I see a baby boy: he is in the street, he has been struck and badly hurt by a stone. His sister, scarcely larger than himself, leads him across the gutter, screaming, homeward. Toddling howling mite! His tears hold rage, fear, protest, pain—no thought of death, no questioning of life. No, he is wholly alive: life is not good to him, nor does he love it: fatefully and wholly he accepts it. For he thinks not of death. Life may be anger and agony and hunger, but it is everything.—Why then does life seem marvelous to me, save that death must be near? Mildred...? What if she is death and wooing her, life wooes its end? and this be the reason why in love life seems so marvelous good? O Mildred, if this is death, let death enfold me. If you are death, hurry me to your flame-nothing beside which life—green hills and creatures swarming in the sun—is a gray sleep. You are not death, my love. You are the golden trumpet calling me to life.
I see other things. Walking toward Mildred, I see the city. Mildred colors the whole strange story: that I am alive, that I am I, now strange! And being strange, all is real, all is inevitable. The real is mysteriously new! Mildred in everything. She has unfolded and become the world.
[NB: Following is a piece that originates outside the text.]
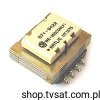 671-8422 7500718422 Signal Transformers SMD WURTH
Yet in this ecstasy of clearness, I cannot even know if she is life—or death!
But I do know how this city is a shell: how life floods beyond it: a cracked shell, the city, so that in little eddies life seeps in.
My vision seeps in, also. I am in a maze of pictures. Mildred has released me from herself to a bewildering freedom.
I can fly where I will, and enter where I want. I see myriad women’s arms, suddenly free and fragile like their hair. Women’s arms wave, like hair, in a great wind. A wind sweeps my maze of images: I see streaming men and children and women. Each is crouched close to another. They do not see how they, are streaming, streaming. They think of themselves as fixed, all else as moving.